Alla ricercatrice del Laboratorio di Neurogenetica della Fondazione Santa Lucia la Borsa 2020 per le Neuroscienze
Si riconosce per la presenza del “Segno del Dente Molare”. Descritta per la prima volta nel 1968, la Sindrome di Joubert prende il nome dalla neurologa che l’ha individuata, ed è una patologia del neurosviluppo diagnosticabile osservando il cervelletto attraverso risonanza magnetica. In particolare, rilevando una malformazione nella fossa cranica posteriore simile appunto un dente molare. La diagnosi può avvenire in diversi momenti dello sviluppo e la sintomatologia è ampia: da una disabilità intellettiva lieve e atassia fino a patologie associate di organi come i reni, il fegato e la retina.
Per un progetto di ricerca su questa malattia la ricercatrice Roberta De Mori, Biologa e Dottore di ricerca in Scienze Morfogenetiche e Citologiche dal 2016 in forze al Laboratorio di Neurogenetica della Fondazione Santa Lucia si è appena aggiudicata una Post-Doctoral Fellowship 2020 assegnata della Fondazione Umberto Veronesi nell’ambito delle Neuroscienze.

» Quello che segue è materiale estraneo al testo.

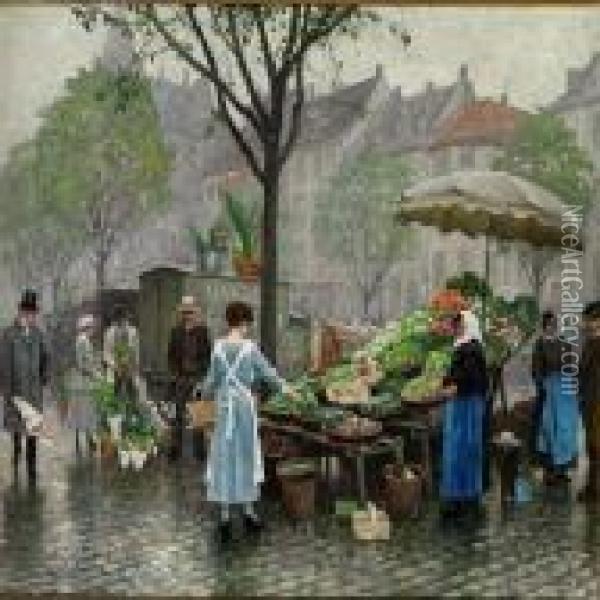 A Stall Of Vegetables In Hojbro Plads In Copenhagen Oil Painting - Paul-Gustave Fischer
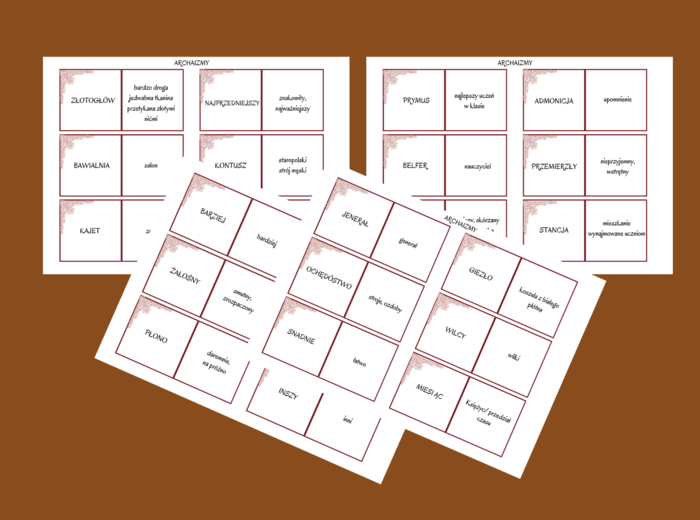 ARCHAIZMY - fiszki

Da cosa nasce l’interesse per questa patologia?
Si tratta di una malattia rara, che tocca 1 persona ogni 100.000 ed è da sempre oggetto dell’attenzione della nostra linea di ricerca. Alcuni anni fa, all’interno di un progetto europeo la Professoressa Enza Maria Valente ha potuto analizzare attraverso l’exome sequencing moltissimi pazienti Joubert al fine di identificare le mutazioni responsabili, sia in geni noti che nuovi. Nel caso di geni nuovi, il lavoro di biologi, bioinformatici e genetisti era poi indirizzato a dimostrare che la mutazione identificata era effettivamente responsabile della Sindrome.
Cosa stavate cercando e come avete impostato il vostro lavoro di ricerca?
Poiché la Sindrome di Joubert è stata ricollegata a circa quaranta geni e, nonostante questi siano diversi e svolgano funzioni diverse, portano tutti alla stessa malformazione, ci siamo chiesti quale tra loro fosse il tratto comune. Per individuarlo abbiamo pensato che il modello perfetto fosse quello delle iPSC.
Di che si tratta?
Delle cosiddette Induced Pluripotent Stem Cells (iPSC), cellule pluripotenti ingegnerizzate da fibroblasti dei partecipanti alla sperimentazione. In sostanza, attraverso un prelievo bioptico della cute di , abbiamo potuto disporre delle cellule che “ricapitolano” tutto il background genetico del paziente e riportarle allo stadio di staminalità per confrontarne lo sviluppo con quello di cellule ottenute da controlli sani, applicando un protocollo che ci consente di differenziare le cellule proprio verso i granuli cerebellari, ossia neuroni del cervelletto, che rappresenta la regione interessata dalla malformazione.
Come interviene specificamente il suo progetto?
Con la mia attività sperimentale le iPS di diversi pazienti vengono progressivamente differenziate in senso cerebellare e “stoppate” in diversi momenti di tale sviluppo: a 8, 16, 24 e 31 giorni, quando i granuli cerebellari sono completamente sviluppati. Ad ognuno di questi stadi di crescita vengono valutati dei marcatori del differenziamento, analizzando mRNA e proteine. L’obiettivo è confrontare lo sviluppo tra pazienti e controlli attraverso il monitoraggio dei marcatori di sviluppo. Questo permette di individuare differenze significative nel differenziamento cerebellare associate alla presenza della mutazione genetica causativa della sindrome, aprendo la strada a studi futuri volti alla identificazione di strategie terapeutiche specifiche.